And unless my dad learns how to turn on a computer, discover the internet, take a Google tutorial and miraculously find this blog, he will never, ever see it.
That being said, happy belated Father's Day, Dad.
I'm lucky to the oldest and potentially least-accomplished child of a greatly accomplished scholar, professor, humanitarian and all around amazing human being.
When I'm feeling thoughtful, I will ocassionally reflect on the gifts my parents have bestowed on their children... genetically (skin that burns under 60-watt light bulbs and a veritable chin lottery, of which I am the loser), materially (hubcaps, $5 Old Navy gift cards), intellectually and so on.

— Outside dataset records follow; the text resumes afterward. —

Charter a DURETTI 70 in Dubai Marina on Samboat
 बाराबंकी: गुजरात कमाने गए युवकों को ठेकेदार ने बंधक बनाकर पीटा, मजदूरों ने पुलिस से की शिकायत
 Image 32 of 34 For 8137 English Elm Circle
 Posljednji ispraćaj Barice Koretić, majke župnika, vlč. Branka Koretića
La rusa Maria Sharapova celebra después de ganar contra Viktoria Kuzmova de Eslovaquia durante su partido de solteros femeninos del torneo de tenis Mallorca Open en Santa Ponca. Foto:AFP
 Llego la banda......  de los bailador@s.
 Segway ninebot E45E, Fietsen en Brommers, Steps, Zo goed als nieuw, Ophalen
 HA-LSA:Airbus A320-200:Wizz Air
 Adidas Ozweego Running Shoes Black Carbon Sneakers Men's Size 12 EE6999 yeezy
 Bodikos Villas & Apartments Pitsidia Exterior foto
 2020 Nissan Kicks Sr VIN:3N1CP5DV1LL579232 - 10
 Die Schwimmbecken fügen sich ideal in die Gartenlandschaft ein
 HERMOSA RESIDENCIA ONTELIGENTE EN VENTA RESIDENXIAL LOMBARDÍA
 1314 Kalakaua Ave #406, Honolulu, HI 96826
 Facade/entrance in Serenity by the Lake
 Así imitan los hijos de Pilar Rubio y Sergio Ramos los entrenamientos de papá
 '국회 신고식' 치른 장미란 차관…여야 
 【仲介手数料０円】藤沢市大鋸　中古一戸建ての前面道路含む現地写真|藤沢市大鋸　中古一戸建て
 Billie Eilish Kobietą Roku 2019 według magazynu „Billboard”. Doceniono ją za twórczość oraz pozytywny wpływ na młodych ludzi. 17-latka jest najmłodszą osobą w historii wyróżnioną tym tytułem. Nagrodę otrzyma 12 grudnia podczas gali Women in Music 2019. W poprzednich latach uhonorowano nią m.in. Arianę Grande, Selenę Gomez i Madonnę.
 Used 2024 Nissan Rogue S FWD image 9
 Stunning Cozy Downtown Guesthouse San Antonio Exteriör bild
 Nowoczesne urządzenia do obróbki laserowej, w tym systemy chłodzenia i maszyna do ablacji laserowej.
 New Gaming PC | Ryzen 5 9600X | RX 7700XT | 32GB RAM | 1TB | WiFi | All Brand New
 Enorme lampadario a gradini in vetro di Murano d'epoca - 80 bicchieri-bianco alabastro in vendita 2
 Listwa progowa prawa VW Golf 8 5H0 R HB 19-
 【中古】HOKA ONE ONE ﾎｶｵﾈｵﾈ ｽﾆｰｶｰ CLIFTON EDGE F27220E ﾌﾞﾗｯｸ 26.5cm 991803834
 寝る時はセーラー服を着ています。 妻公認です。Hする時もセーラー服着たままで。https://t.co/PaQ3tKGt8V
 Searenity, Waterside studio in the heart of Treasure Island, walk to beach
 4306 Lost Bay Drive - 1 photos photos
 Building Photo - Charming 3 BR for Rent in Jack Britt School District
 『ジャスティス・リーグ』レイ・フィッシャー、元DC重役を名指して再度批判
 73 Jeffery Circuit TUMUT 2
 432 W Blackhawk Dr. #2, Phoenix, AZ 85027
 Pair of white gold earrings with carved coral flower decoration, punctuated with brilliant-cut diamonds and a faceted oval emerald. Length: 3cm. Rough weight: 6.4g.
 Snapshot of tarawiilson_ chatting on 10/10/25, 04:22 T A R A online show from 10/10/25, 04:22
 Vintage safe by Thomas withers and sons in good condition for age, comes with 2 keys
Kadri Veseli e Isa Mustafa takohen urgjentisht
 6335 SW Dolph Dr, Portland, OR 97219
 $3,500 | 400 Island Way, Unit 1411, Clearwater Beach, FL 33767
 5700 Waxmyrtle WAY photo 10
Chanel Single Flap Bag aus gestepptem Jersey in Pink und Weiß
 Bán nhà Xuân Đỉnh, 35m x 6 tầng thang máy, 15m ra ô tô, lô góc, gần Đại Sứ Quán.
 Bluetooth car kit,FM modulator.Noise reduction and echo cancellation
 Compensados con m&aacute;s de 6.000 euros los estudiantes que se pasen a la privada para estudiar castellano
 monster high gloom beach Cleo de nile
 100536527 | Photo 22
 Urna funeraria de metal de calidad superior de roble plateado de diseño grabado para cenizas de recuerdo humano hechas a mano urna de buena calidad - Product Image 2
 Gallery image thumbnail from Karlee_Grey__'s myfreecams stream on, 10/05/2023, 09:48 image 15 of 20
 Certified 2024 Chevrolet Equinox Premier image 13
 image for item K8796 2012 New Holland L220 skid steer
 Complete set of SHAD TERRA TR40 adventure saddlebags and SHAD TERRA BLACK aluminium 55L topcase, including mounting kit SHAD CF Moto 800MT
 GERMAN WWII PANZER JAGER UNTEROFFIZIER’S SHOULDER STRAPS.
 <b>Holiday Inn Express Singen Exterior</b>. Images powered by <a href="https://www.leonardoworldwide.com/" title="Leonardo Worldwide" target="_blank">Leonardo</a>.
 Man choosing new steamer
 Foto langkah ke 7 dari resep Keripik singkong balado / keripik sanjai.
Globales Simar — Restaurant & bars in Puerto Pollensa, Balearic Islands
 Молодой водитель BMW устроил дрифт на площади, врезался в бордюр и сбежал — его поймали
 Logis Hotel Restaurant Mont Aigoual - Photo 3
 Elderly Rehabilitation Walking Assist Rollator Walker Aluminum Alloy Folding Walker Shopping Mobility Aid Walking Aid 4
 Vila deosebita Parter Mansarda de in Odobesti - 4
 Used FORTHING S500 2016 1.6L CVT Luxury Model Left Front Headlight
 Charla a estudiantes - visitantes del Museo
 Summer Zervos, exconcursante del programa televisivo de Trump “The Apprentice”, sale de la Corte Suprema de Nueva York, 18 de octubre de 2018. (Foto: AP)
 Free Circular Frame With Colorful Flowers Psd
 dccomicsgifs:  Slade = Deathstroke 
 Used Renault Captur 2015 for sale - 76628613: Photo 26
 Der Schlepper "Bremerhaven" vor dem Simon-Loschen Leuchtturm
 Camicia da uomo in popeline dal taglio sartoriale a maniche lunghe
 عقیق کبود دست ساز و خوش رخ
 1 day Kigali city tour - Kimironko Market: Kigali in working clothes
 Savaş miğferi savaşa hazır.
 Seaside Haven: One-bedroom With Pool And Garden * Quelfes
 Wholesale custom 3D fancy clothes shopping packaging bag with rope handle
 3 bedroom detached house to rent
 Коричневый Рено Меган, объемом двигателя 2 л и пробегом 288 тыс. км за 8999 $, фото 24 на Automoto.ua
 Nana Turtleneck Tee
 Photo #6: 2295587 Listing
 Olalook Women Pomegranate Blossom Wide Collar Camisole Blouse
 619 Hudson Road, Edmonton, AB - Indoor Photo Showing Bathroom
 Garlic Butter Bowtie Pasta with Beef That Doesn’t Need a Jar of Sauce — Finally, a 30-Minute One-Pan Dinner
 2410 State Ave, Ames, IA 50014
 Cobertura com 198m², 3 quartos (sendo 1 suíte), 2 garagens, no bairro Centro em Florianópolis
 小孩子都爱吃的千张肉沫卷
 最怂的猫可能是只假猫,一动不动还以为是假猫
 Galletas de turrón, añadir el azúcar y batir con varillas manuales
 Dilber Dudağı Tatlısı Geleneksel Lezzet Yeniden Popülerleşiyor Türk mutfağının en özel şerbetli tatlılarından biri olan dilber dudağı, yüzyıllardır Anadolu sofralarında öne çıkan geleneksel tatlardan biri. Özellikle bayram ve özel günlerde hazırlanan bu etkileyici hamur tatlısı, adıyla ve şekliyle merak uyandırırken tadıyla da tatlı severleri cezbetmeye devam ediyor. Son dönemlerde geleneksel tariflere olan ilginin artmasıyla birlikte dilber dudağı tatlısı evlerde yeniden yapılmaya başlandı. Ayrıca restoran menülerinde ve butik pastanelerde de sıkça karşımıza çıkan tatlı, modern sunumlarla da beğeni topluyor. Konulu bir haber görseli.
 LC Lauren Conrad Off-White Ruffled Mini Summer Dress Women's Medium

When it comes to what my dad has passed on, a great deal of it is fairly obvious, at least to me. My sister is a major fan of helping other people. She also likes Spanish, joining my dad as the only other fluent family member. All three of my siblings are incredibly intelligent, some are obvious leaders. Two of them have lived or will soon live in Central and South America, respectively. My brothers are good rugby players. I, on the other hand, waffle on my feelings toward mankind and will hesitate to offer anyone any sort of assistance unless I get something in return, like peanuts or back rubs. I can ask where the bathroom is in Spanish, and if I said it out loud, you would probably tell me that I'm actually telling you I have hepatitis. I'm the B student to my family's A+ average. All of my recurring nightmares have to do with playing touch football in grade school and breaking my glasses.
I imagine I will figure out my gift one of these days, but in the meantime I will wear my mediocrity with pride and view my last name as sufficient evidence of my good fortune.
Anyway, Dad, if you took all of the aforementioned steps and found this, check your email - I sent you an e-card. And I love you.